We have long been critical of the Coalition’s localism agenda. Not because we disagree with it in principle. Far from it. We would devolve power further and faster, and instead of dismantling those anti-democratic regional institutions we would democratise them in the form of a Wessex Parliament – the ‘Witan’ – an accountable voice for the region able to mount an effective challenge to Whitehall bullying.
We disagree with the Coalition’s plan because we don’t believe a word of it. It was always going to be a one-way street. (For example, giving communities the power to allow more housing than the local council wished to see but not less.) Now we are hearing phrases like ‘guided localism’ to describe what the Coalition really wants.
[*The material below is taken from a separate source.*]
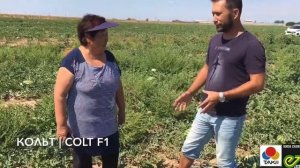 Арбуз Кольт F1.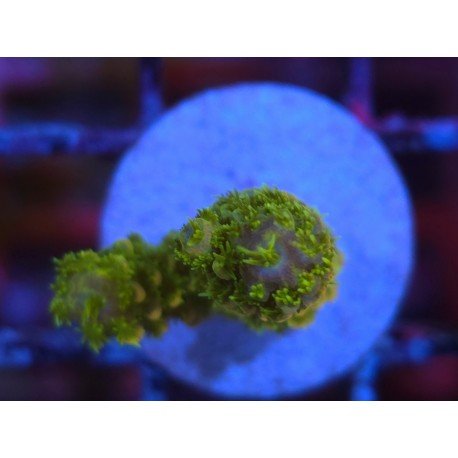 SAILOR MOON NEW ACRO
Nick Raynsford, a former Labour minister, said that “for all that ministers want to talk the localism talk, they find it hard to resist interfering in local decision-making when it suits their wider public relations agenda”. And as a former Labour minister, Raynsford knows about that temptation, all too well.
The Localism Bill is still making its way through the Commons but George Osborne admitted this month that the Tories, like Labour, may promise people-power but all they will deliver is profit-power. What he is reported to be saying is that he wants to make it much easier for companies to obtain planning consent for new projects – even if they go against the wishes of local residents. When this sort of thing happens in China there’s an almighty stink about human rights violations. When it happens here, protesters are labelled ‘deficit deniers’ and plainly told that there’s no alternative to rebooting the same failed system that got us where we are.
There you have it. Did you vote for these crooks? Will you be doing it again? And again? And again?